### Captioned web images
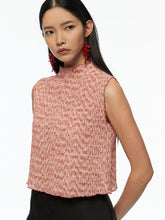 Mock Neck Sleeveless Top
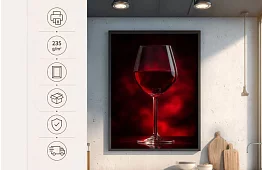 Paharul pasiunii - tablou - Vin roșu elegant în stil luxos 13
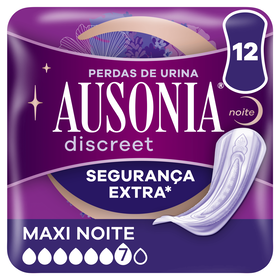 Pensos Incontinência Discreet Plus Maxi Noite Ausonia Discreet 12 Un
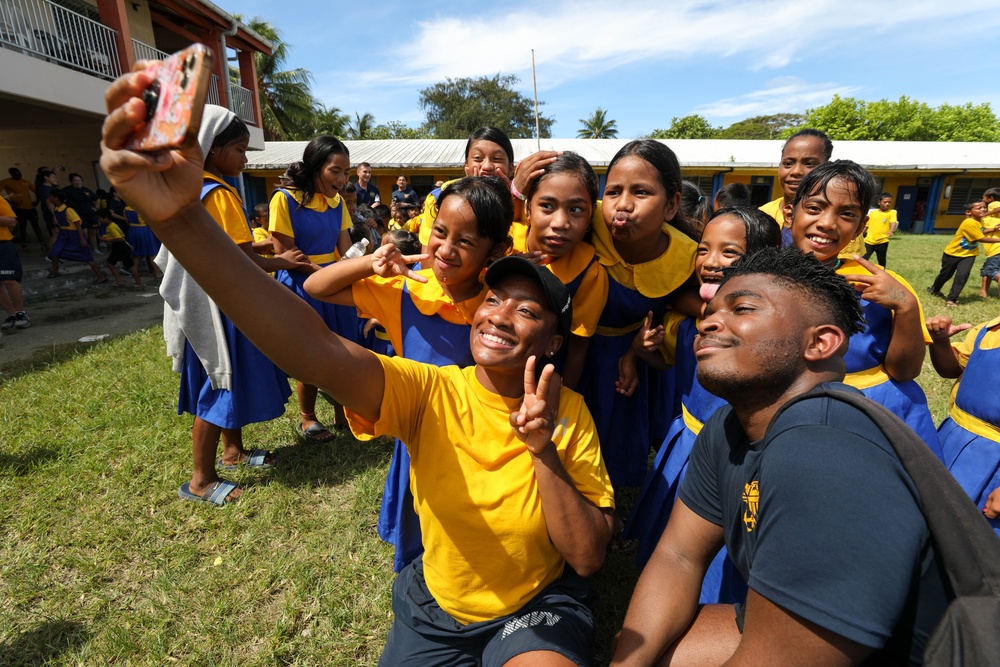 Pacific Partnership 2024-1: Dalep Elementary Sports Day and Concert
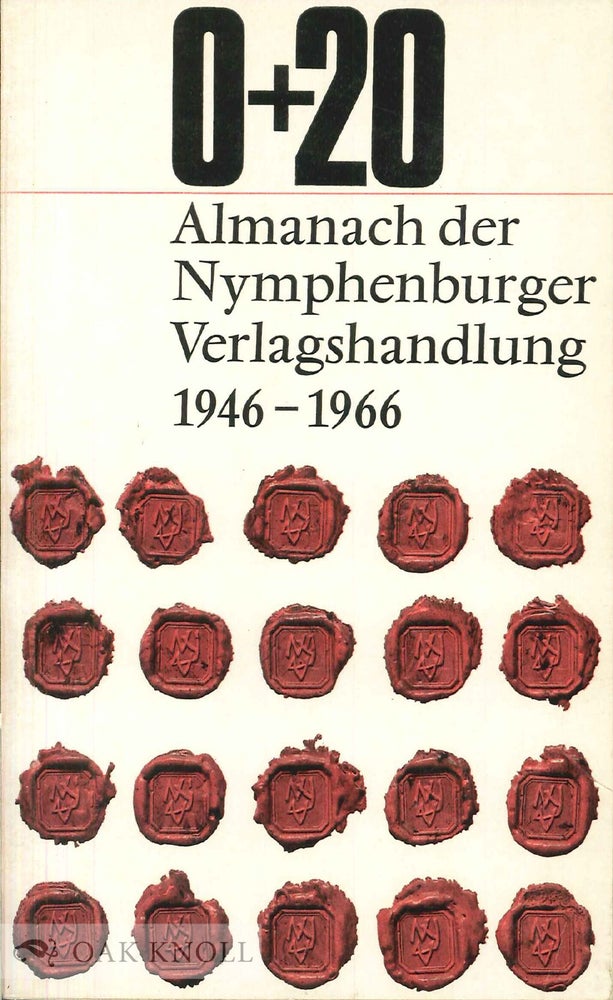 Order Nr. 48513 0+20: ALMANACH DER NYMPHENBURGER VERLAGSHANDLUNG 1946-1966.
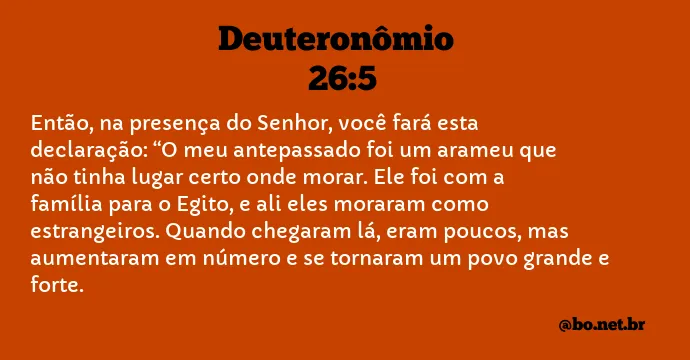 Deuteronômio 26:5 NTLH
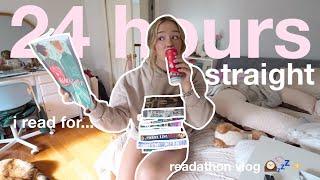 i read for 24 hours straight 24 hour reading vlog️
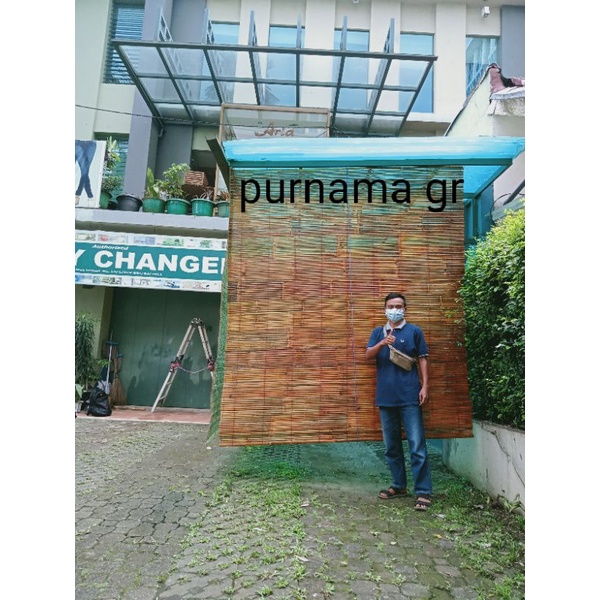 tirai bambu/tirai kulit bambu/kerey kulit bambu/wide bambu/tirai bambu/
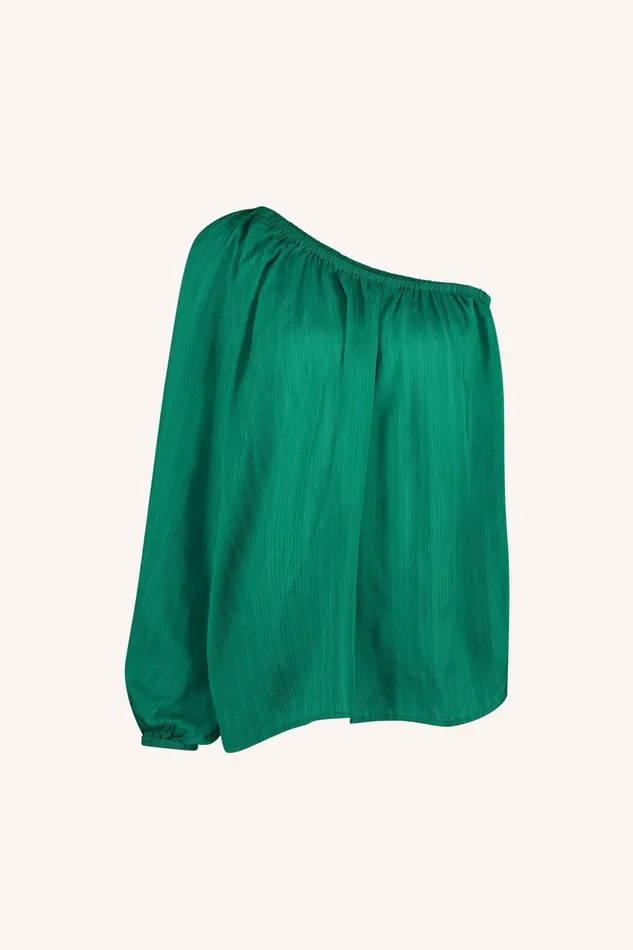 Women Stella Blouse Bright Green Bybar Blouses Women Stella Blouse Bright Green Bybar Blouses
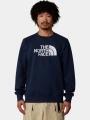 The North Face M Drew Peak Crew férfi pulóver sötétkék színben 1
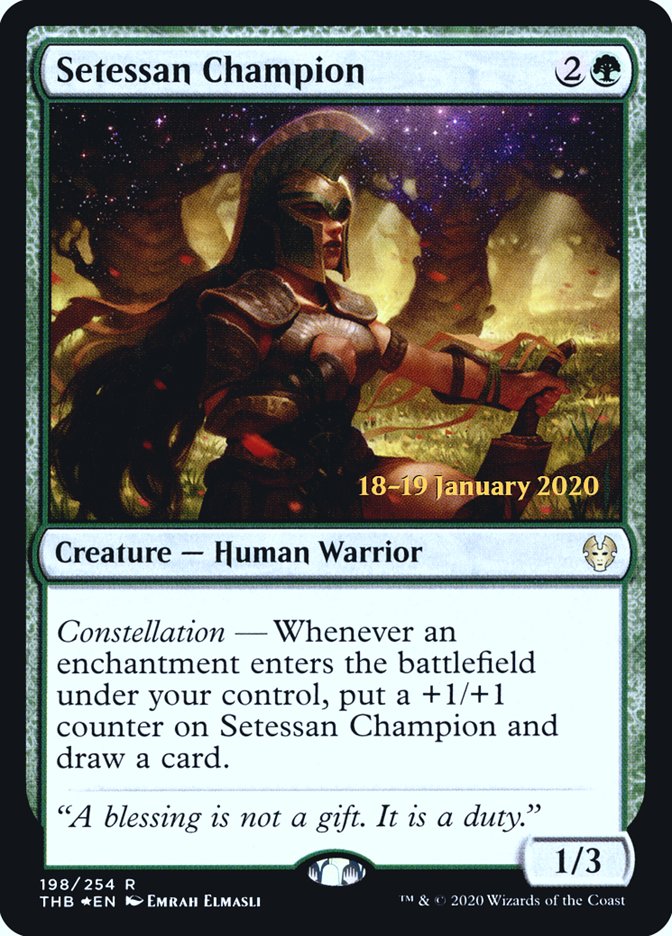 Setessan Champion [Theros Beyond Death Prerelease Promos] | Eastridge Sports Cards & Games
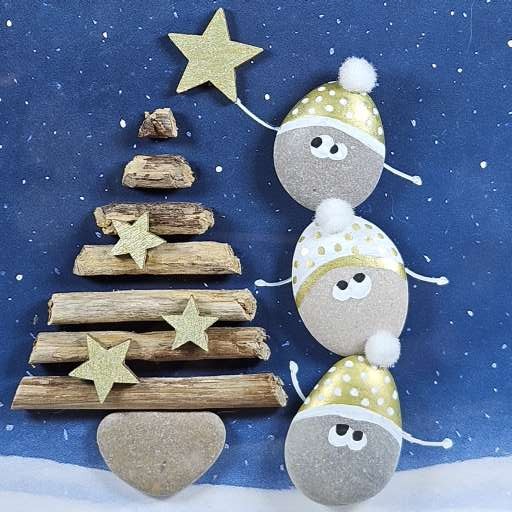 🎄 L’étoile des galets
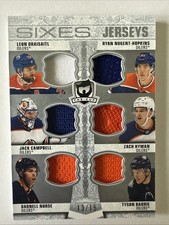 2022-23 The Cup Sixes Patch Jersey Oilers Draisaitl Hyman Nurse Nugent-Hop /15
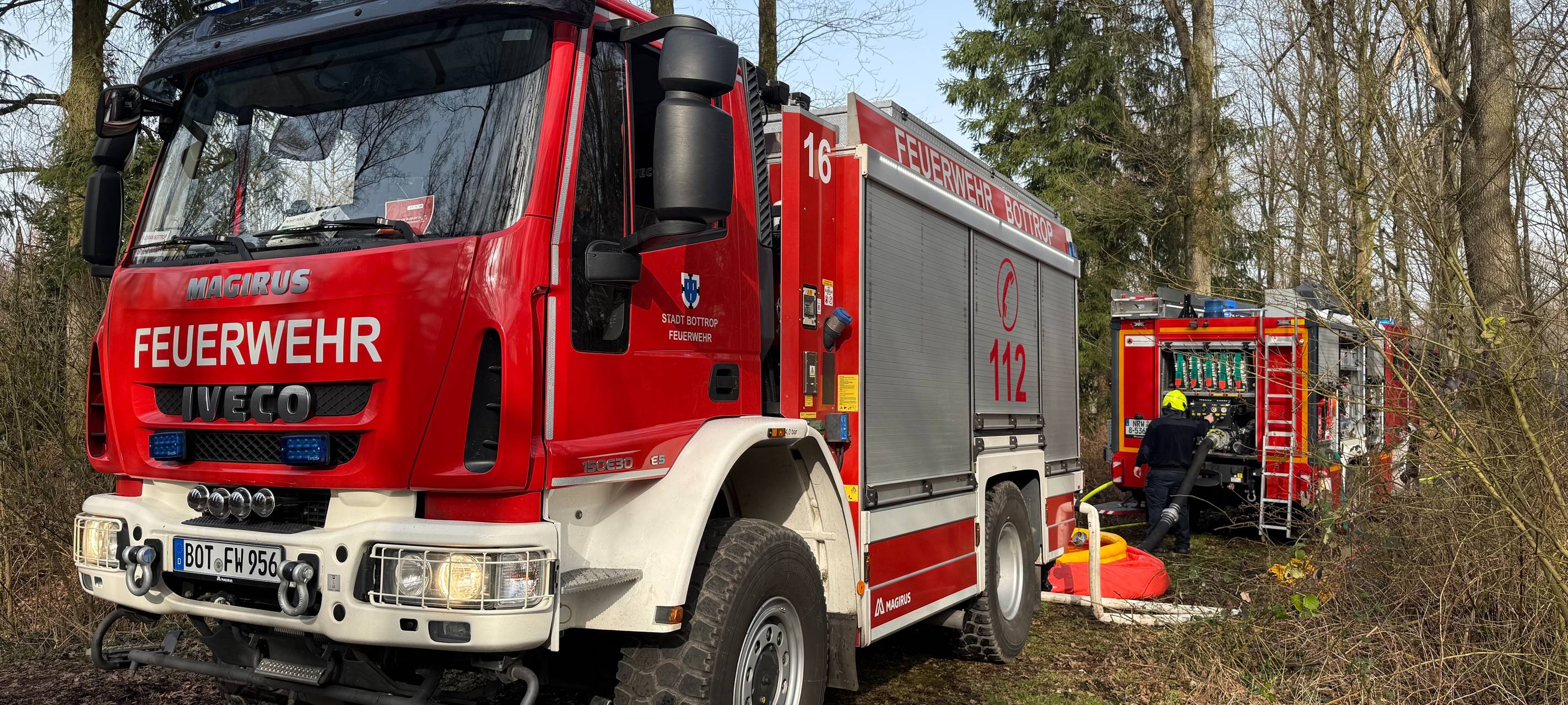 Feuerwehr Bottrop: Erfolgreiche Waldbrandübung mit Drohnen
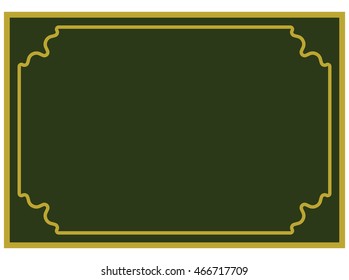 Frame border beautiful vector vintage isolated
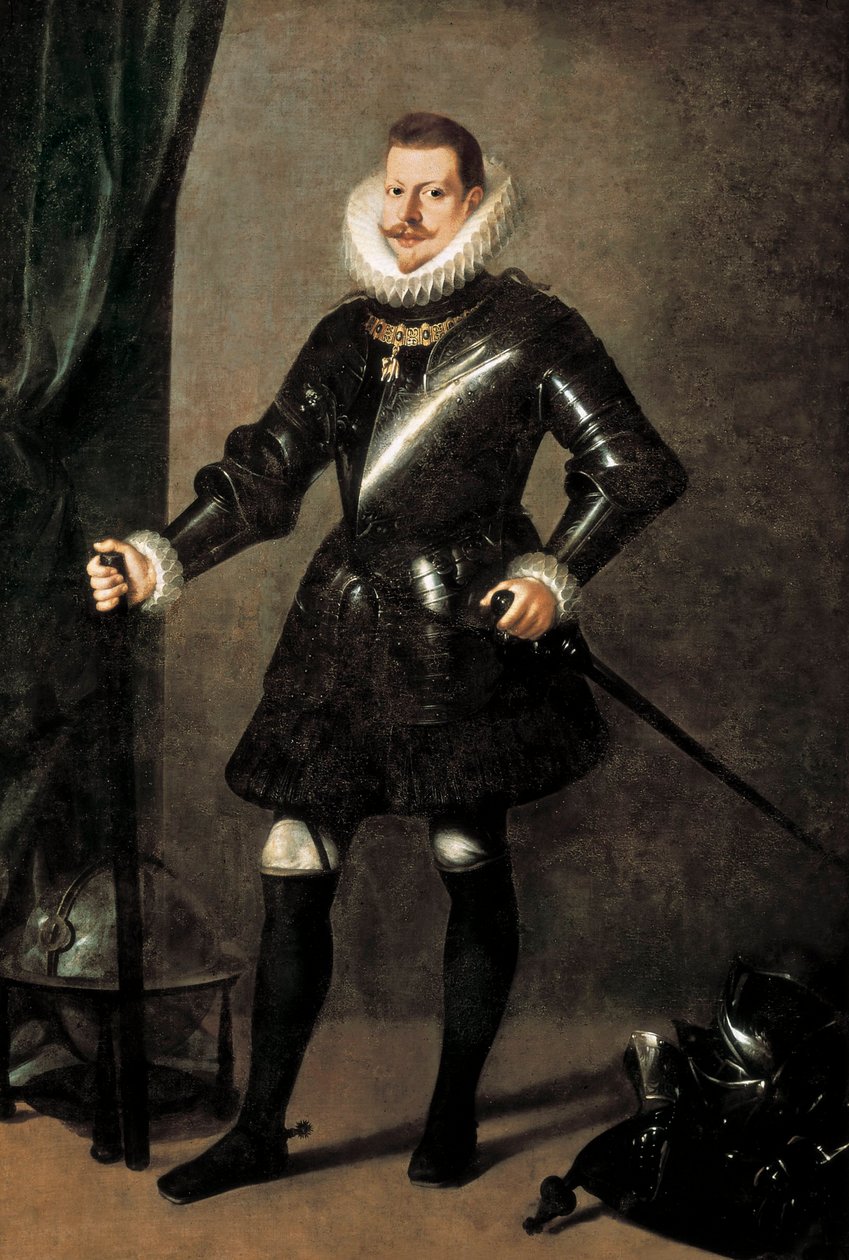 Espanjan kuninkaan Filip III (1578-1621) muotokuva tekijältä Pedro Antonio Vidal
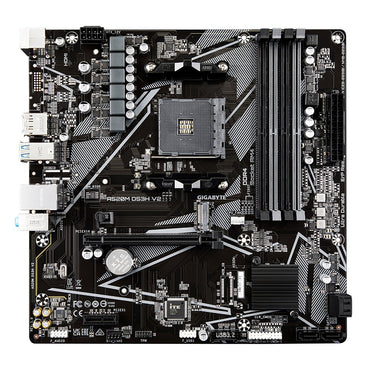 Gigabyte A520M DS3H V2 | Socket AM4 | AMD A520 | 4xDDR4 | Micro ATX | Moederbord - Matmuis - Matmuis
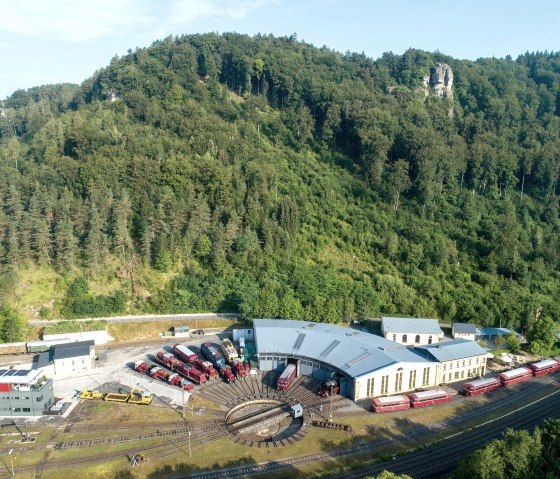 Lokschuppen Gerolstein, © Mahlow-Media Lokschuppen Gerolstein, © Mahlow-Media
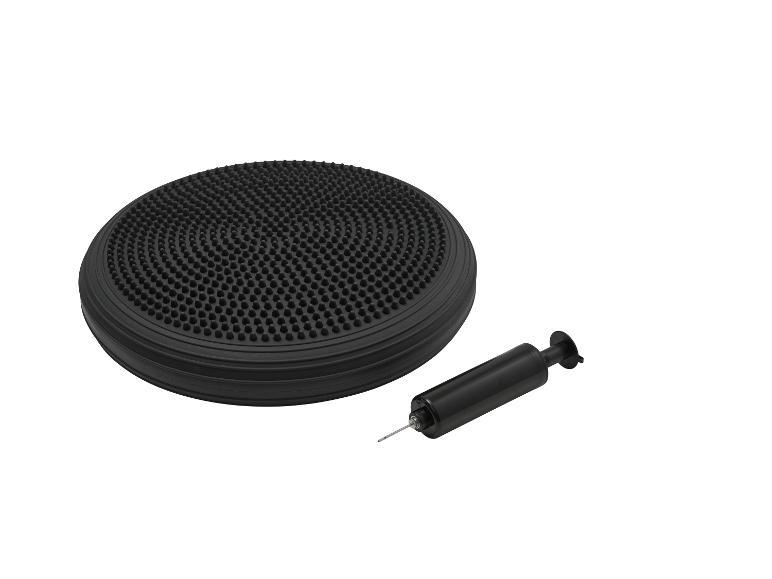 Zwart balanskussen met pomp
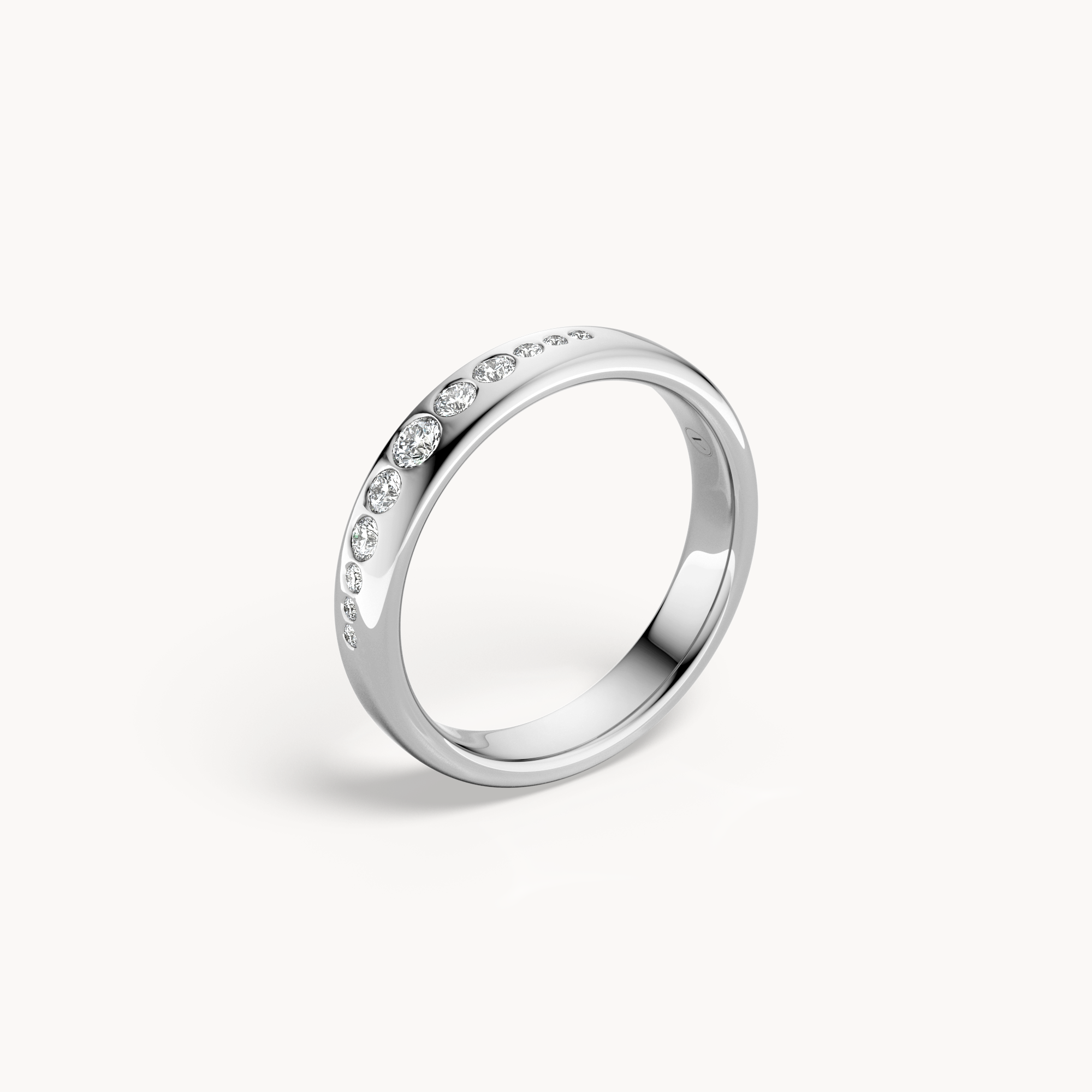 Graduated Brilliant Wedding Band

### Required action
Where the line containing "Lokschuppen Gerolstein, © Mahlow-Media Lokschuppen" appears, begin writing out the lines word for word, and continue through the last line of the data, leaving out pictures.

### Task response
 Lokschuppen Gerolstein, © Mahlow-Media Lokschuppen Gerolstein, © Mahlow-Media
 Zwart balanskussen met pomp
 Graduated Brilliant Wedding Band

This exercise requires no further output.